We are currently using Flink 1.2.0 and Hortonworks (an older version, 2.2.9 based on Hadoop 2.6.0).  We’re trying a small sample cluster with 9 Yarn client nodes.

 

1.       We have large state and large time-windows and therefore want to use RocksDB as our state backend.  Is it a typical or best practice that RocksDB store to local-disk storage for speed, and the checkpoints store to HDFS for recovery / HA?  Or is everything in HDFS?  So from my understanding from the docs, “The RocksDBStateBackend holds in-flight data in a RocksDB data base that is (per default) stored in the TaskManager data directories”…  (is this set automatic via YARN?)… and the checkpoint directory is via “state.backend.fs.checkpointdir: hdfs://namenode:40010/flink/checkpoints” or dynamically e.g. new RocksDBStateBackend(statepath).

2.       It’s unclear to me whether Yarn automatically provides Flink with the Zookeeper information, or whether I also need to set the zookeeper info in flink-conf.yaml… the examples seem to imply that the ZK information might only be used if you start your own Zookeeper rather than it already existing.  Do I need to set it up for HA via YARN?
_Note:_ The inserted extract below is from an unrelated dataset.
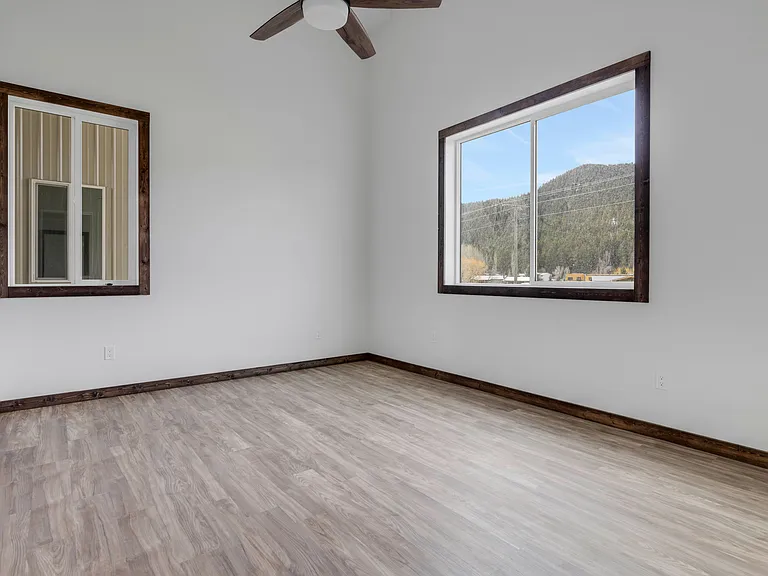 374 Wooden Spur Dr #11 — Photo 3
3.       I’ve seen some conflicting information about including HADOOP_CLASSPATH – some say there are many conflicts with Flink libraries whereas others say it’s important to resolve various deserialization errors during runtime.

4.       Someone suggested that we build Flink from source ourselves against the Hortonworks distribution; I’m really hoping that’s not necessary.

 

Appreciate any info as we learn how to productionize our Flink clusters!

 

Best Regards

Dave